I’ve lately been telling people that if you run into some kind of problem with your SharePoint environment, development project or other SharePoint related activity, post a question to the forums earlier in your action chain rather than later. I know for myself that when I have a problem, a number of potential solutions present themselves right away. I order these potential solutions in terms of likelihood, applicability and how easy they are to investigate. I go through that list and by the time I’ve gotten to #10, I’m making registry changes to a key “/foo/bar/almostThere/isThisIt/noThisIsNotIt/iCantBelieveIAmDoingThis/finallyThere!” on the advice of a blog found on page 8 of a Google search. When that doesn’t work, I finally post a question to MSDN (e.g. here: http://social.technet.microsoft.com/Forums/en-US/sharepointgeneral/threads).
I suggest that you reverse that approach. Post the forums much earlier in your investigation because:
- It’s free to you anyway.
- There’s no guaranteed SLA (of which I’m aware, at least).
- Therefore, it can take a long time for people to respond.
- People often do respond eventually.
- If you wait until 2 or 3 days after the problem first surfaced, you’re frantic for a response and forums are not a good place for emergency help (unless you’re lucky).
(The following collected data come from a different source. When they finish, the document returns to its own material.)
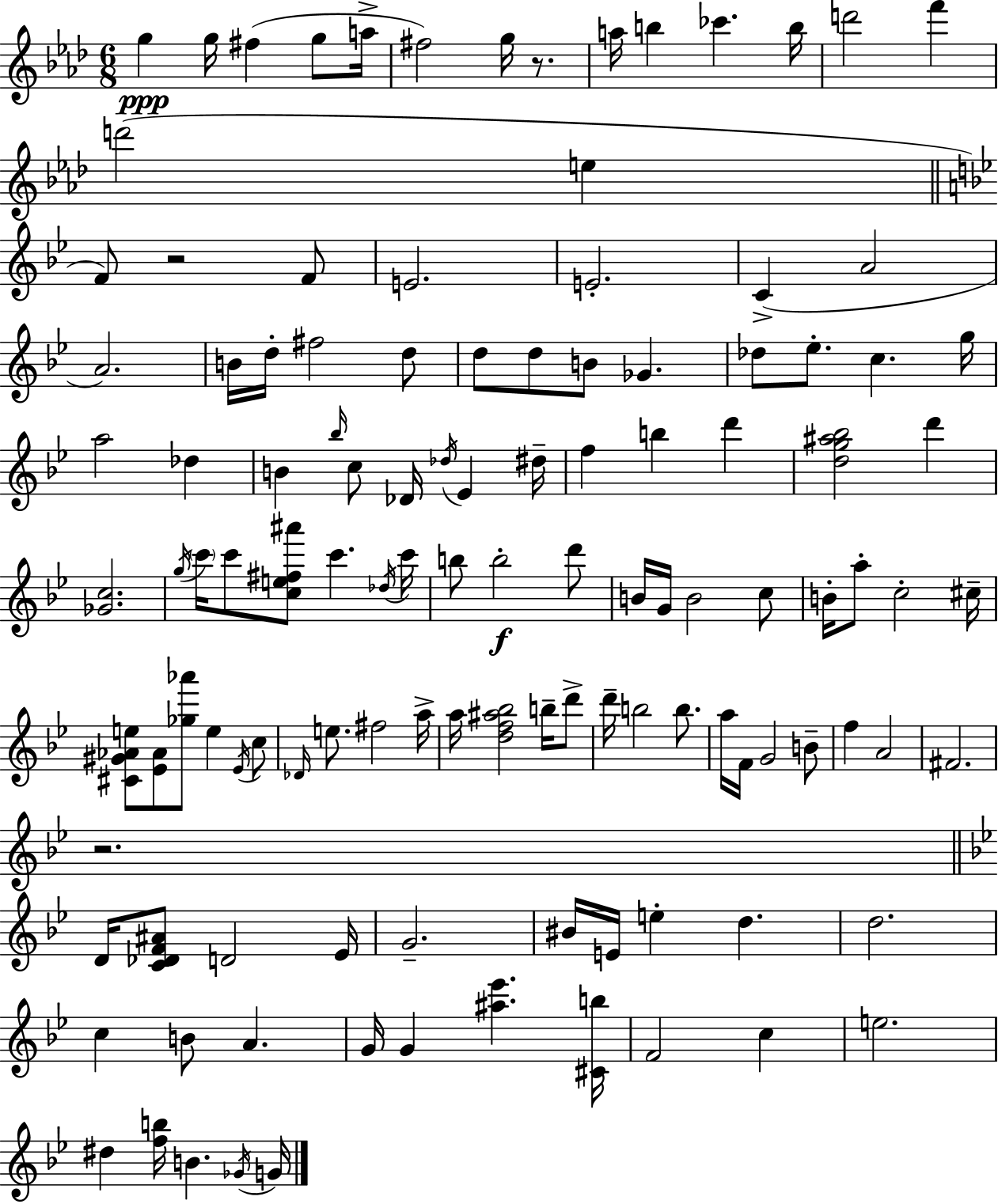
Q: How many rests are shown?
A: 3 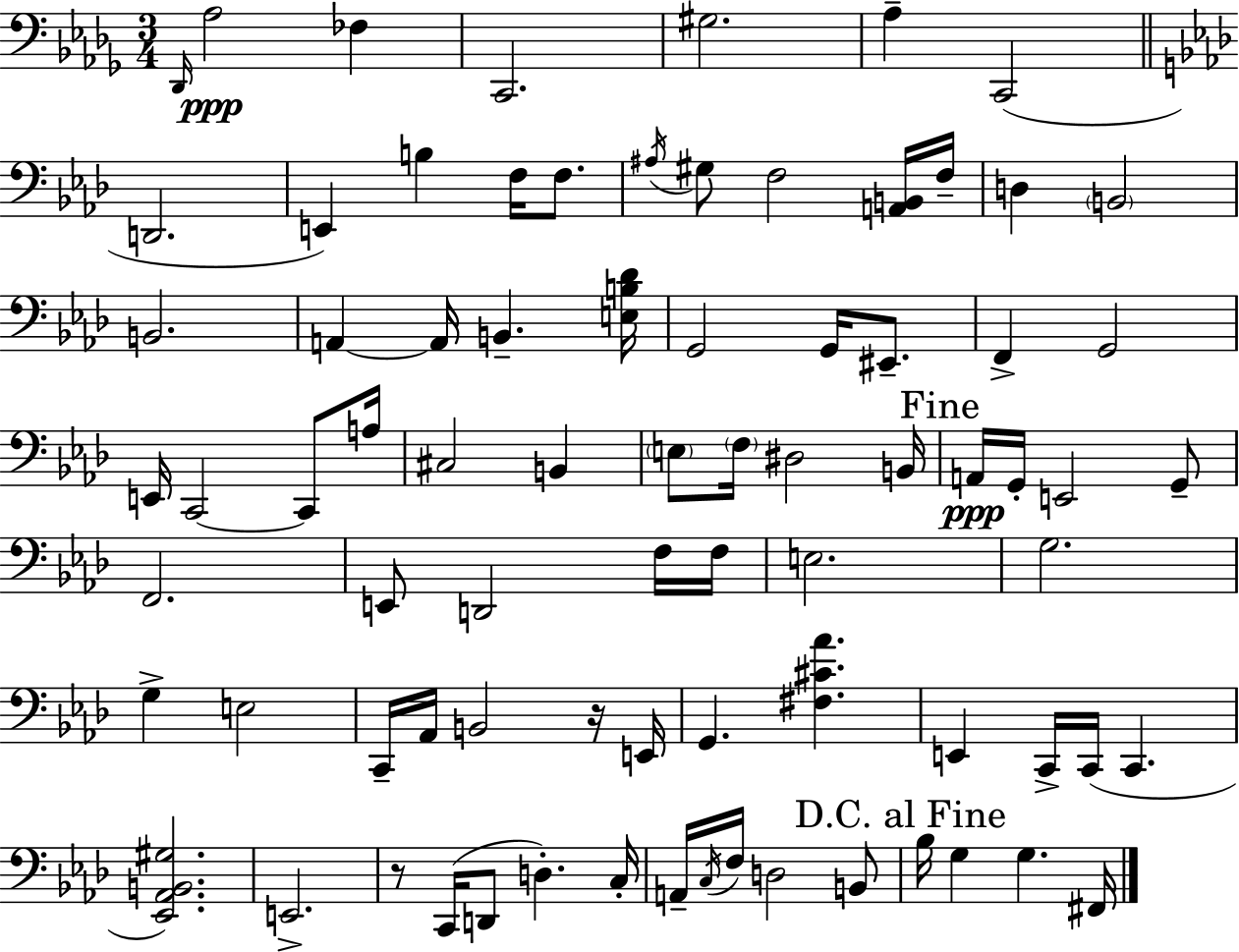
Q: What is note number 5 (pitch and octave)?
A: G#3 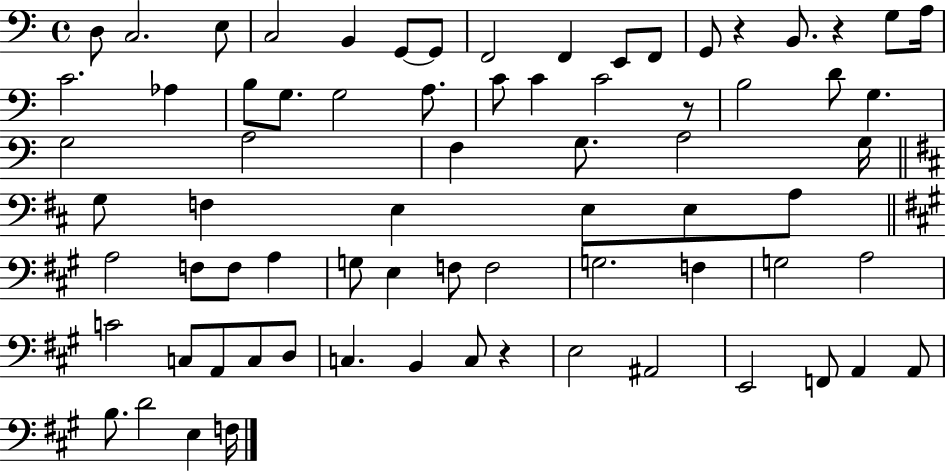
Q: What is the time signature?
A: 4/4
So, basically, it’s easy and free and you have a good shot at getting some kind of answer, but it will take a while to get that answer (again, unless you’re lucky).
I used to think that I should hold off on looking for community help because I don’t want to waste someone’s time asking for help when I could find it out myself. Some forum moderators and active participants may feel that way, but I don’t (at least, I don’t feel that way any more). I don’t see any downside. The worst case is that you post a question and then answer it yourself some time later, possibly “wasting” some one’s time. I don’t see a big risk in that and there’s value in the researching of questions like that in any event.